Monday, June 28, 2010
Random Updates
So, school is about over, my life is about to change big time, I think, maybe. :) Camp is coming up soon! I'm quite excited about that! Bro. Ron Spencer is the special speaker. I'm expecting amazing things. Our services lately have been amazing as well. God's been proving over and over how much He cares about us and how much He provides for us.
I've been going to the Rec center at school in the morning before my afternoon class and even though I'm tired and don't exactly enjoy getting up so early, I always feel a lot better the rest of the day. I've been listening to Messages during that time and I love it. If only I could have afternoon classes every quarter! I'm starting volunteering at the hospital again for 1 credit and will be a bit busier at least 1 or 2 days a week. I am in need of more $$. I applied for a part-time position at my current work, another position, but didn't get it. It probably would have been more than I could have handled though. I have another one I'm looking into so we'll see how it goes. I'm not really sure what I'd do if I don't go to school in the fall. I could possibly take some classes at the community college and reapply to go next year but I don't know if I should. I've prayed that God would give me a very obvious sign whether or not I should go to grad school and finish up with OT or do something else. So far, there are too many loopholes in everything for me to tell for sure. I love helping people, especially children, and I love health care, but not necessarily nursing. Teaching is not for me, although I've considered it. So, I'm at a loss. Very dependent on God right now. It's nice but scary for me because I like being in control. I like to know exactly what's going to happen and I like to plan everything out. My summer class I'm taking is Intro to Abnormal Psychology. It's interesting. We took a test today in class to see how anal we are. I scored pretty high; 85% of the population of people my age scored much lower than I did. But, this is how God teaches us patience and trust.

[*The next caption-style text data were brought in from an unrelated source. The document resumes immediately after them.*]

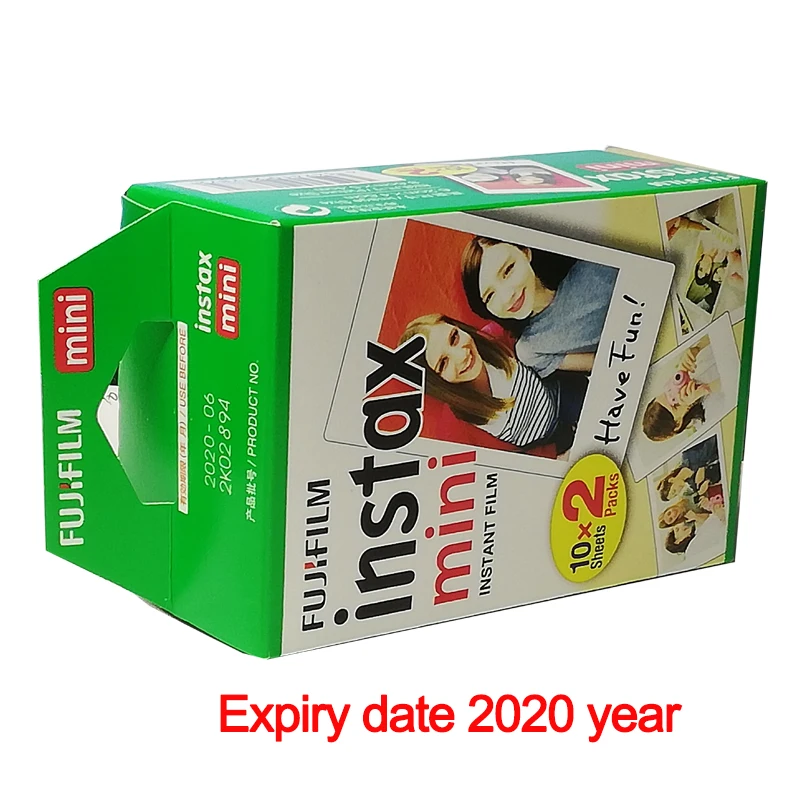 10-200 sheets Fujifilm instax mini 9 film white/Color Edge 3 Inch wide film for Instant Camera mini 8 7s 25 50s 90 Photo paper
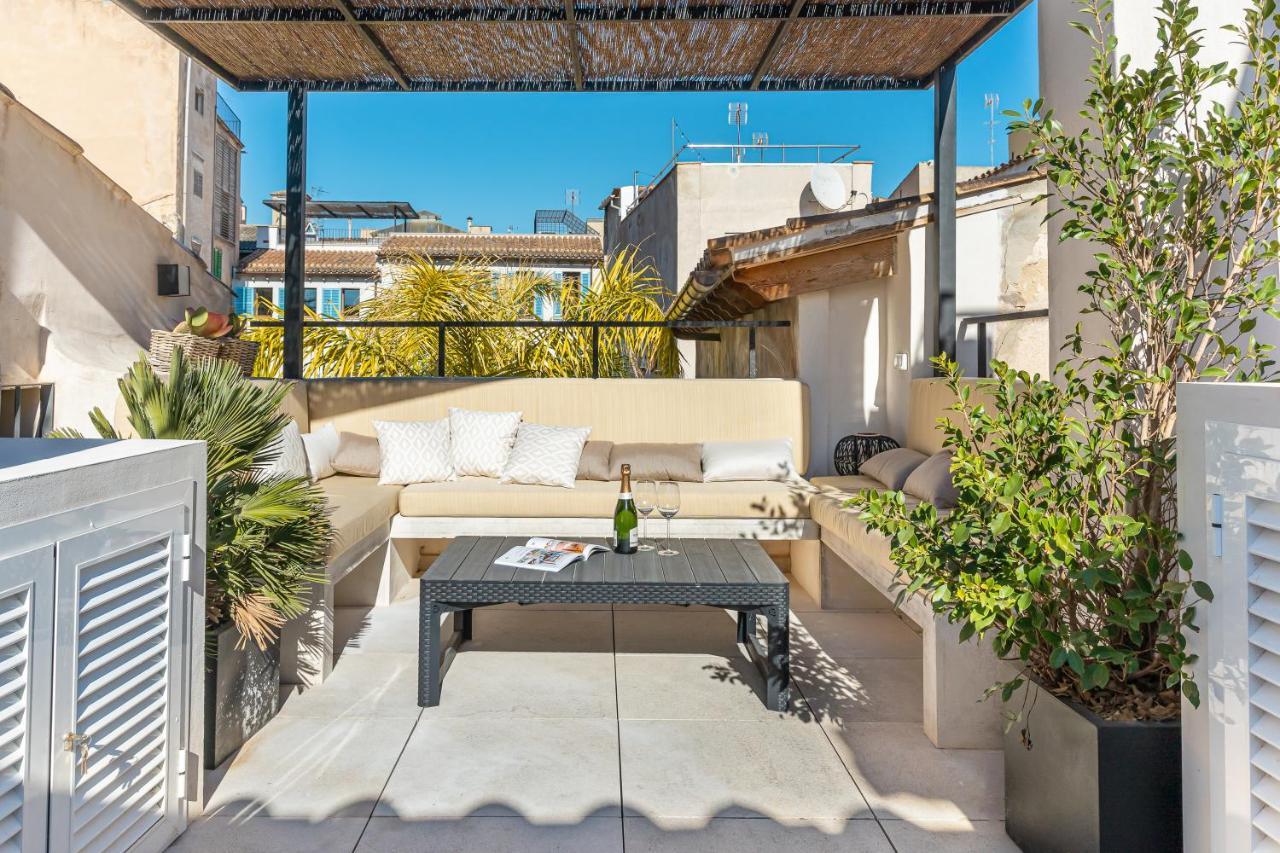 Villa Townhouse Calatrava Palma di Maiorca Esterno foto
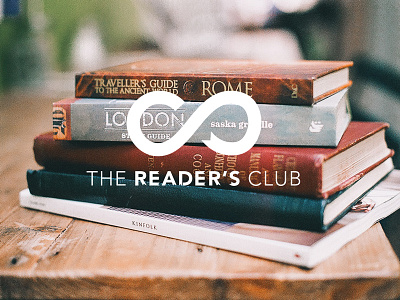 The Reader's Club app branding logo ui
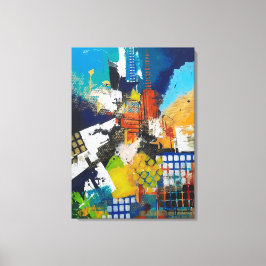 Impressão Em Tela Timeless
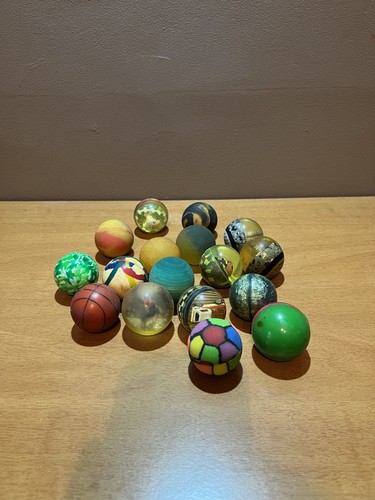 Palline gomma - 17,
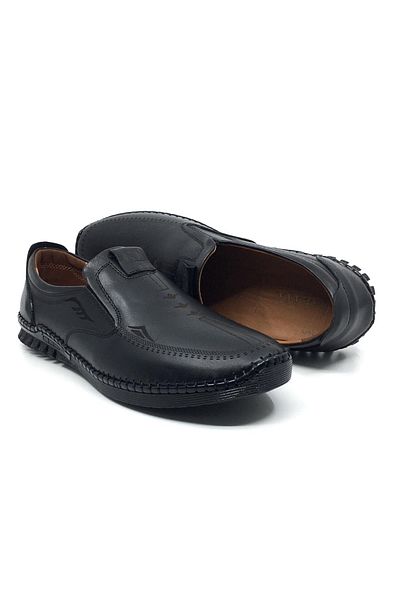 CATELLİ 100% Leather Orthopedic Men's Summer Comfortable Daily Laser Printed Sandal Shoes New Season 40-45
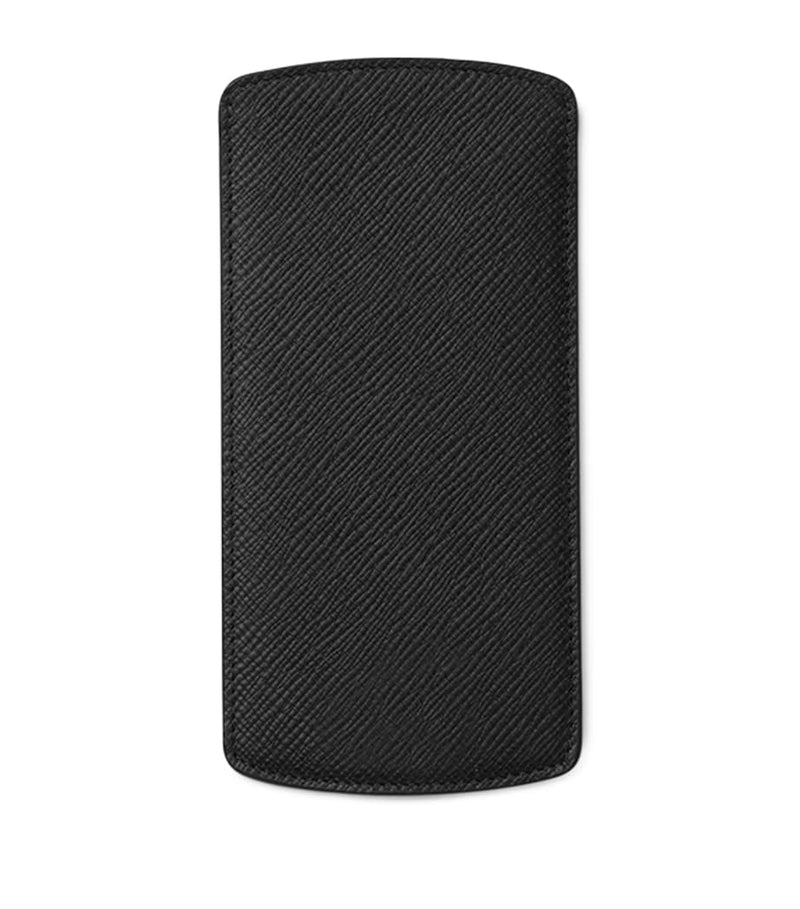 Smythson Panama leather glasses case, UK version
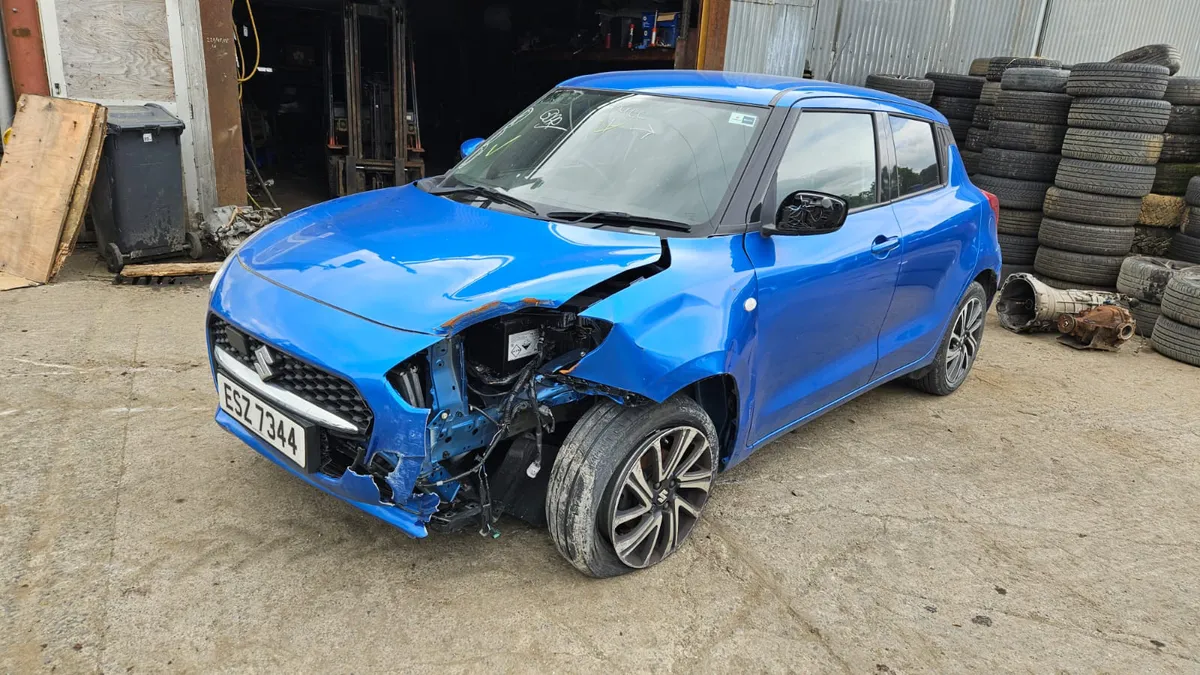 Breaking 2021 Suzuki swift 1.2 sz-l - Image 4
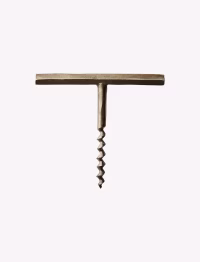 Odin Wine Opener Iron Brass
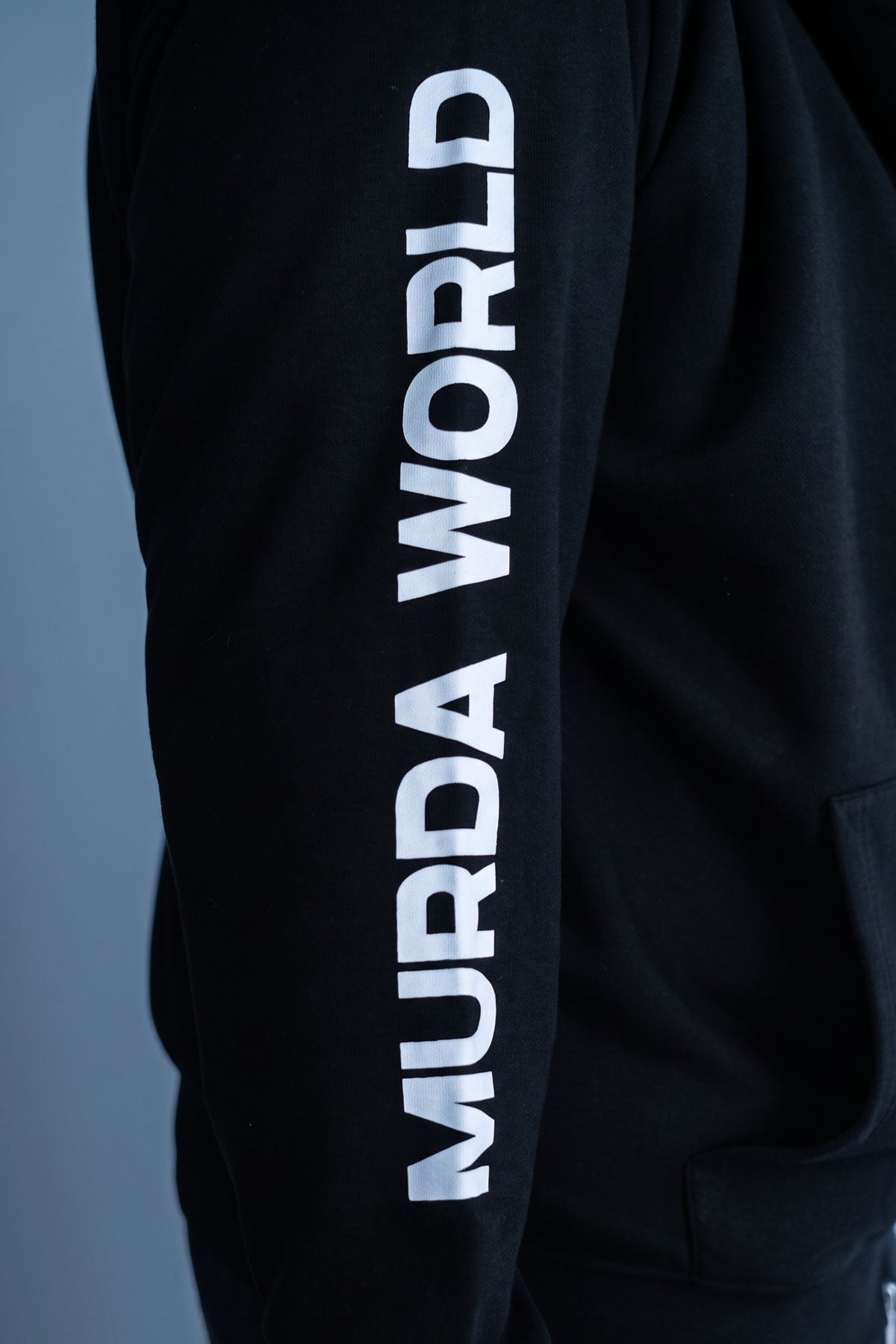 Murda 28 Full-Zip Hoodie - Siyah - Görsel 5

That was long. Not a lot of info but it was time for an update. I have a test Thursday and need to read and study. Also, I need sleep! I was up at camp from Thursday-Sunday helping out with a camp and I'm quite tired. So much for the long, lazy days of summer...
Tuesday, June 8, 2010
Call Me Gone
Call me a dreamer
Call I call it mine
Heaven, but I don't care
And call me crazy
Cause I'm homesick for it
Yet I have never been there
Call me a stranger
Cause that's all I am, I know I don't belong
Call me anything but when He calls me
Call me gone
(chorus)
Call me gone, I'll be leavin'
Call me gone, you'll be grievin'
If you're left here without Jesus to call on
Call me gone, no more heartache
Call me gone, and all that it takes
As for me to hear Him call me then call me gone
(This verse is to be spoken)
You know I've been called an awful lot of things in my lifetime
And to be honest smart wasn't always one of them
But thank God I was smart enough one day to call Jesus Christ the Lord of my life
And it was then I called it quits to a whole lot of sinnin'
But it's because of that commitment that a lot of people laugh at me and call me foolish
Aw.. but let em go ahead and laugh...
That don't bother me at all, cause any fool can see,
but the shape she's in that this ole worlds gonna fall,
But just as long as I know Jesus, I've got nothing to fear
And when the role is called up yonder,
Don't you call on me cause I ain't gonna be here!
(repeat chorus)
Sunday, June 6, 2010
Wounded Soldier
You went out to the front lines
Committed to the cause
You fought the fight of faith
You truly gave your all
But now you lie there wounded
With a bleeding heart
You cry for help but help just seems so far
And you wonder where the other soldiers are
I am coming for you, Wounded Soldier,
And I will gently carry you upon my shoulder
I will give you time to mend,
Until you can fight again
There’s no need to fear
I am right here, Wounded Soldier
Sometimes our greatest battles
Are fought within our soul
No one sees your struggles
‘Cause you wont let it show
But you’re the walking wounded
Pretending to be strong
When deep inside you’re barely hanging on
And it’s hard to find the courage to go on
I've always really liked it and always thought of so many other people it applied to until this week, I realized it applied to me.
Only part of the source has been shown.